Pre-emptive strike on questionable strategies

A whistle hangs on a wall.

ATO calling out risky arrangements early.

The ATO’s warning on risky retirement planning arrangements, made recently as part of its Super Scheme Smart initiative, was carried out to prevent SMSF trustees from falling foul of these arrangements before they gained any market momentum, according to one of the regulator’s senior officials.

Speaking to selfmanagedsuper, ATO deputy commissioner James O’Halloran said: “What we’re not doing is waiting for these things to become commonplace where people can in fact find themselves financially disadvantaged or even ruined, therefore we’ve come out well before we’ve commenced any material casework to prevent people from falling into these traps.”

The latest announcement made via the Super Scheme Smart facility identifies three specific scenarios SMSF trustees need to be aware of.

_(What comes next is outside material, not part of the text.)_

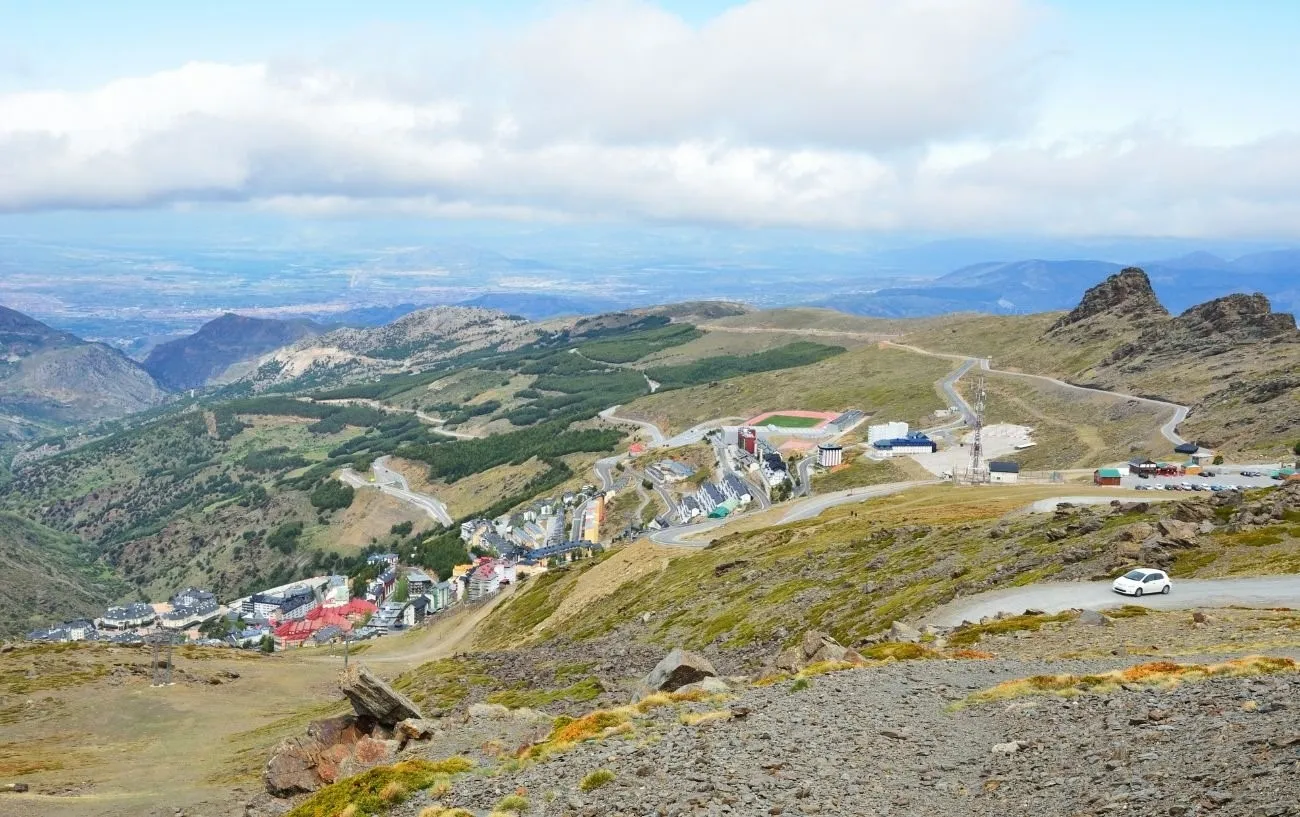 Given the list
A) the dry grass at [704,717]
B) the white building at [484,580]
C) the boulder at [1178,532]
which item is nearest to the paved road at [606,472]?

The first is to do with related-party property development ventures using interposed units trusts to channel revenue to an SMSF that will be taxed at the concessional rate.

The second is a strategy where the non-concessional contributions cap is deliberately breached and then refunded from the taxable component of the SMSF to ultimately reduce the tax payable.

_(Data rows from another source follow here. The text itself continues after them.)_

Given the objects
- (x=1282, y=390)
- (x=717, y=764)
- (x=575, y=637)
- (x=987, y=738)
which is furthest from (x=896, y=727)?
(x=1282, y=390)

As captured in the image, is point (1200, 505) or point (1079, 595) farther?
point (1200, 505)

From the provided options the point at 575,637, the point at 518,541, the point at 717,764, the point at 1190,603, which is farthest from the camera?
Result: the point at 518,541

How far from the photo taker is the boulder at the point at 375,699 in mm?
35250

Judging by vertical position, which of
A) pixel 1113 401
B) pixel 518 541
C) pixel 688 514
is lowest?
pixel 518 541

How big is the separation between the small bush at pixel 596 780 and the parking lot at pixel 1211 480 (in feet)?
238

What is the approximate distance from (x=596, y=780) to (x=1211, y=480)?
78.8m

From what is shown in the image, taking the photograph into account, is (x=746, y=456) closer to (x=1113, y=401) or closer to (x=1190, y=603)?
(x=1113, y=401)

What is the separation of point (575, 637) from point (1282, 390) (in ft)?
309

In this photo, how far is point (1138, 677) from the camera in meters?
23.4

And the third situation is where a legal interest is granted to an SMSF for the life of a particular member, enabling the fund to receive all of the member’s revenue from the asset but not ownership upon that member’s death.

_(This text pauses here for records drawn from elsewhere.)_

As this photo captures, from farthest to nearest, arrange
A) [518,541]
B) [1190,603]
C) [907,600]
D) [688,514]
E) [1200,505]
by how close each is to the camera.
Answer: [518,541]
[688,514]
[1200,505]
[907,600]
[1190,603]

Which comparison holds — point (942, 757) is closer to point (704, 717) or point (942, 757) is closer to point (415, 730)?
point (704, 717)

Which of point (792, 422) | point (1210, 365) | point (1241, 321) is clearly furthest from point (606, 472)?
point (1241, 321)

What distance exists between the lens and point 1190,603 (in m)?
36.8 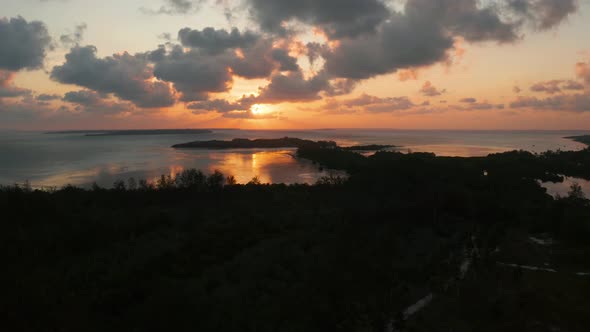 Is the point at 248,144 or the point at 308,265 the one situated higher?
the point at 248,144

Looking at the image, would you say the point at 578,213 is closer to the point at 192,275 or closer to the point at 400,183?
the point at 400,183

“These schemes sound quite practical and even logical, but quite often there is an underlying risk that people should be cautious about because ultimately it’s their retirement that is impacted,” O’Halloran said.

In its material, the ATO points out questionable schemes are often put to an SMSF trustee by a promoter, and O’Halloran points out the ATO is encouraging two courses of action.

“One is that they seek advice from a reputable source and not just take a conversation at face value.

“Of course, if people believe they’ve unwittingly become involved in these things, we ask them to obviously come forward and also seek advice,” he suggested.

“The earlier we can work with people that unwittingly find themselves confronted with these circumstances, the better.”

Apart from the pre-emptive element of the initiative, O’Halloran stressed the time of year makes the announcement particularly relevant as well.

“They could have a dramatic impact and a negative impact on their retirement and their SMSF itself,” he said.